Langs Aufstieg in die erste Reihe der DDR-Regisseure verdankte sich insbesondere seinen Klassiker-Inszenierungen. Seine Absicht, eingefahrene Aufführungs-Klischees zu durchbrechen und den viel gespielten Stücken neues Konfliktmaterial und zeitgenössische Assoziationen abzugewinnen, fand einen ersten Höhepunkt mit seiner Inszenierung von Shakespeares Ein Sommernachtstraum (1980, mit Margit Bendokat, Katja Paryla, Roman Kaminski, Dieter Mann, Otto Mellies und anderen). Die Inszenierung widersprach allen Erwartungshaltungen, die durch die romantische Tradition – von Schlegel/Tieck über Mendelssohn Bartholdys Schauspielmusik bis hin zu Max Reinhardts epochemachenden Inszenierungen des Stückes – geprägt waren. Die Aufführung spaltete Publikum und Kritiker; die Reaktionen reichten von euphorischer Zustimmung bis zu absoluter Ablehnung. Lang erzählte statt eines luftigen Feen-Märchens eine Tragikomödie, in der eine Schein-Harmonie mit allen Mitteln der Gewalt erzwungen wird. In den äußerst genauen konzeptionellen Vorarbeiten begründete Lang diese Sicht auf das Stück aus den gesellschaftlichen Umbrüchen der Shakespeare-Zeit. Ihm ging es jedoch nie um Rekonstruktion und „Werktreue“ im Sinne bloßer Text-Exegese: „Die schöpferische Aneignung wird nur dann zu einer lebendigen Auseinandersetzung, wenn die jeweils neue Generation ihre Erfahrungen mit der Erfahrung des Dichters verbinden kann. Das Entscheidende dabei ist die Genauigkeit im Umgang mit dem Dichter und seinem Werk und nicht der vordergründig modische Umsturz einer tradierten Interpretationsgeschichte.“
In Büchners Dantons Tod (1981) überraschte Lang das Publikum mit einem unerwarteten Coup: Er ließ sowohl Danton wie auch seinen Gegenspieler Robespierre von Christian Grashof spielen und zeigte die sich bekämpfenden Vertreter der revolutionären Elite als zwei Seiten ein und derselben Medaille. Das genialisch ausufernde Stück hatte er in eine strenge Form gebracht, die durch das Bühnenbild von Volker Pfüller unterstützt wurde. Weitere Charakteristika der Inszenierung waren ihre an Volkstheatertraditionen geschulte hohe Theatralität, die Reduzierung der Personage auf zwölf Darsteller und die Interpretation der Volksfiguren (dargestellt von Kurt Böwe und Dietrich Körner) als Clowns. Dantons Tod galt in der DDR als „sperriger, höchst suspekter Text“ und wurde selten gespielt.
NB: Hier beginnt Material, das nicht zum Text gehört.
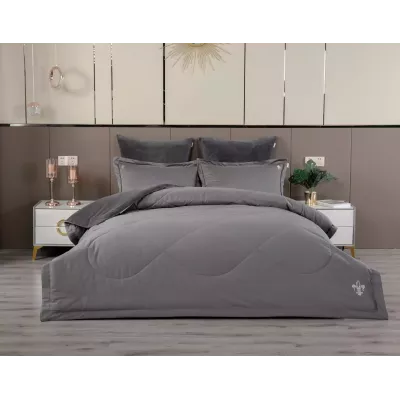 Комплект с одеялом KAZANOV.A Lindor Fluffy графит (египетский хлопок-велюр), евро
Die „aufsehenerregende Inszenierung“ von Alexander Lang eröffnete nicht nur eine neue Perspektive auf das Stück, sondern „hat durch (ihre) ästhetische Stringenz unterschwellig auch den politischen Diskurs in der DDR befördert.“
Es folgten Heinrich Manns Traurige Geschichte von Friedrich dem Großen (1982), Brechts Die Rundköpfe und die Spitzköpfe (1983) und Christoph Heins Wahre Geschichte des Ah Q (1983). Unter der Intendanz von Dieter Mann folgten dann 1984 das Doppelprojekt aus Goethes Iphigenie auf Tauris (mit Katja Paryla) und Grabbes Herzog Theodor von Gothland (mit Christian Grashof), 1985 die Inszenierung von Johannes R. Bechers Winterschlacht mit einem Vorspiel von Heiner Müller (mit Dieter Mann) und schließlich 1986 eine Trilogie der Leidenschaft, bestehend aus Euripides’ Medea, Goethes Stella und August Strindbergs Totentanz. Zwischendurch hatte er 1984/85 seine erste Gastinszenierung in der BRD vorgelegt, den Don Karlos an den Münchner Kammerspielen.